### Recorded information
▬▬▬▬▬▬

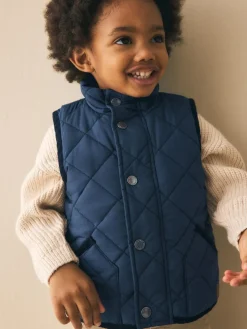 Next Navy Quilted Gilet (3mths-7yrs)^BOY Coats, Jackets & Pramsuits|Coats, Jackets & Pramsuits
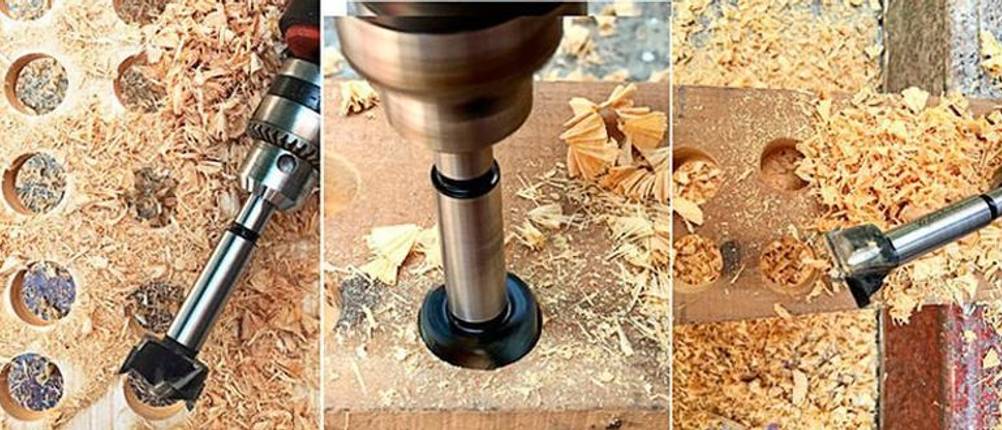 Löcher im Holz durch Forstnerbohrer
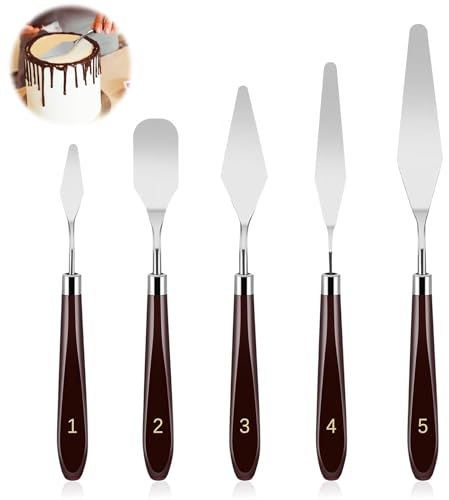 5 Pezzi Spatola per Decorazioni Torte, Set Spatole per Crema, Spatola per Crema, Spatola per Torte, Pasticceria Accessori Spatola per Stucco per Torte, Cottura, Pasticceria, Pasta Strutturale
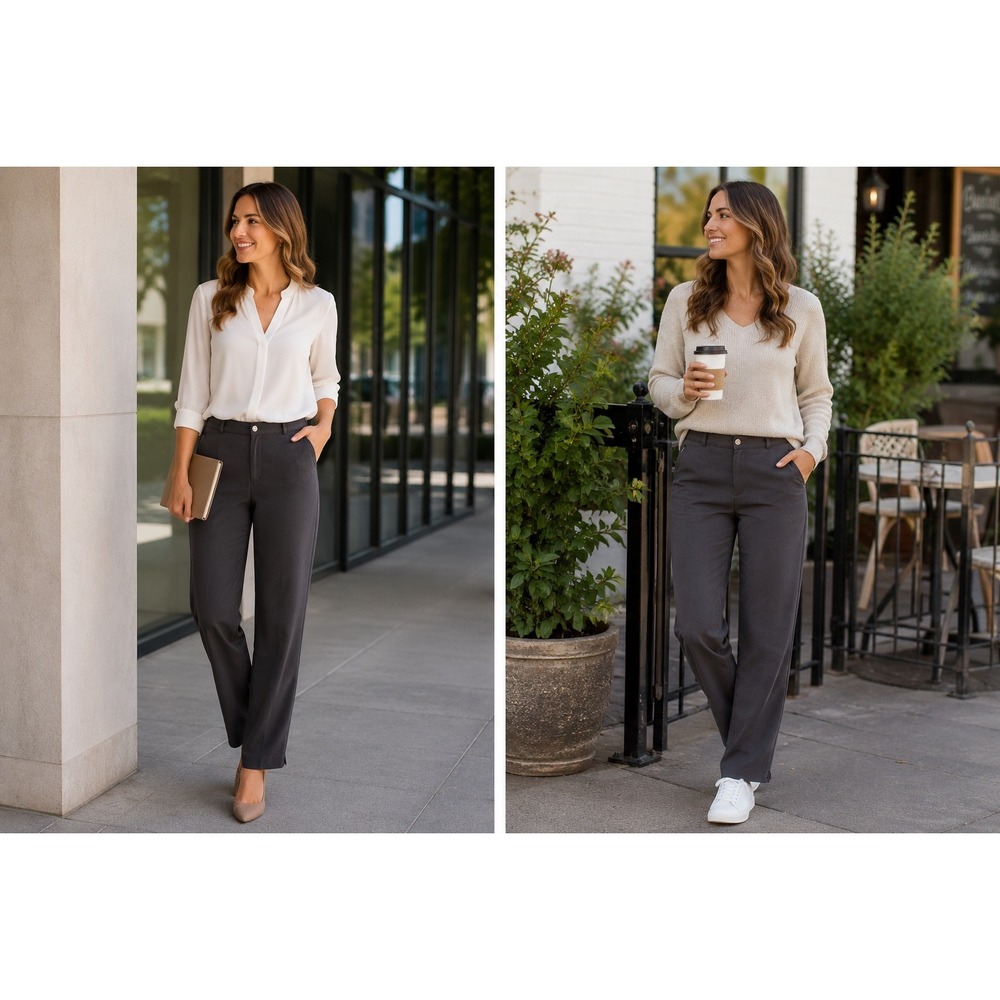 Siena High Fashion Brown Ribbed Trousers High Rise Zipper Pockets Size 34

▬▬▬▬▬▬

### Required work
Here the lines from the one with "5 Pezzi Spatola" through the last line of the data above need to be repeated exactly, both included, and any picture omitted.

### Exercise result
 5 Pezzi Spatola per Decorazioni Torte, Set Spatole per Crema, Spatola per Crema, Spatola per Torte, Pasticceria Accessori Spatola per Stucco per Torte, Cottura, Pasticceria, Pasta Strutturale
 Siena High Fashion Brown Ribbed Trousers High Rise Zipper Pockets Size 34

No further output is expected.